Dataset extract
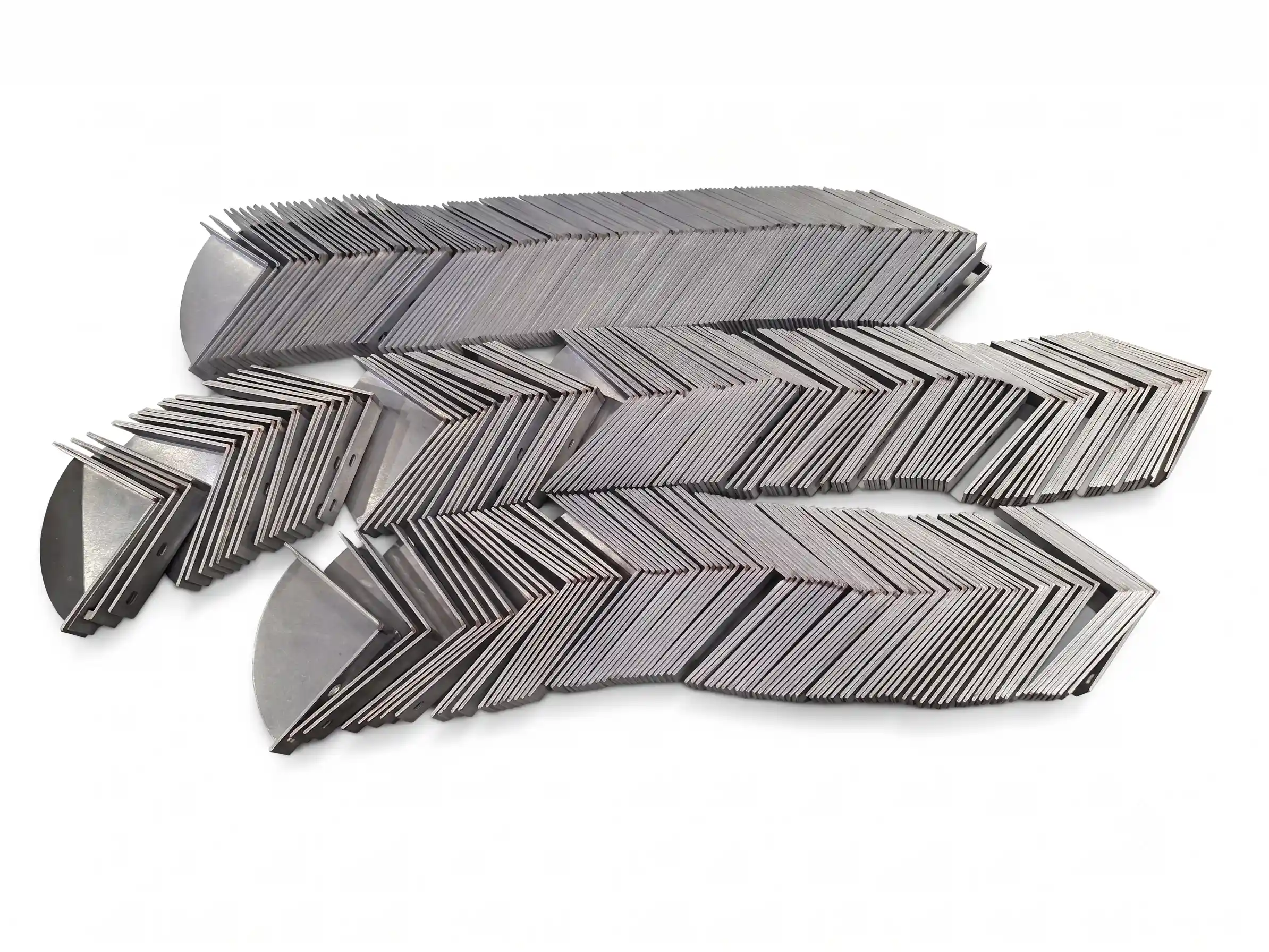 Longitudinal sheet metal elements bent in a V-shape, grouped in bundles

...

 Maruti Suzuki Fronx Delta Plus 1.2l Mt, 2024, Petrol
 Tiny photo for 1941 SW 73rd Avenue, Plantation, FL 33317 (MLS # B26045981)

* * *

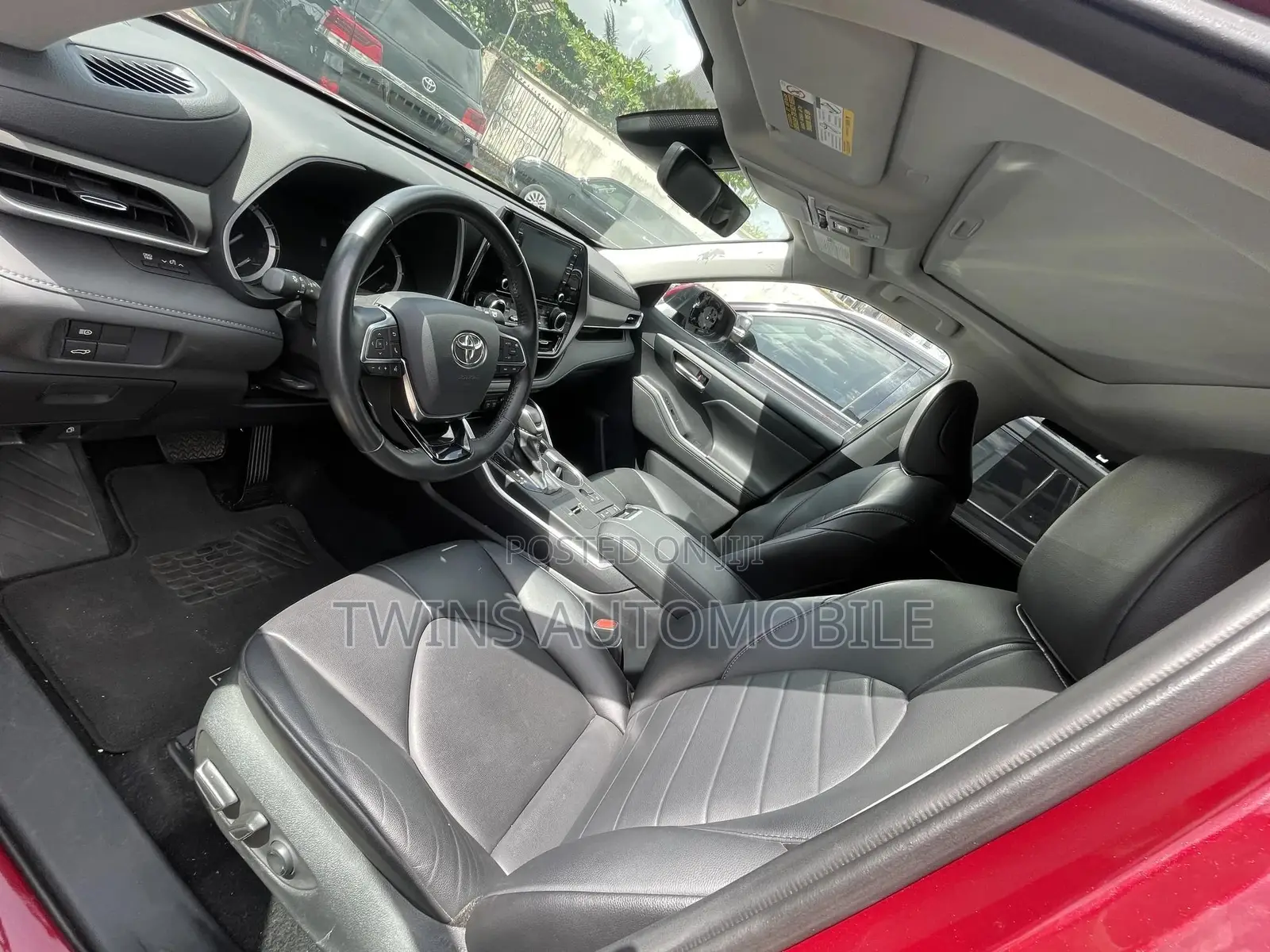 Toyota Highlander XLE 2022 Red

What this task involves
Return a word-for-word copy of the lines above from the one holding "Maruti Suzuki Fronx" through the one holding "Tiny photo for", with both of them included and nothing besides.

Solved exercise
 Maruti Suzuki Fronx Delta Plus 1.2l Mt, 2024, Petrol
 Tiny photo for 1941 SW 73rd Avenue, Plantation, FL 33317 (MLS # B26045981)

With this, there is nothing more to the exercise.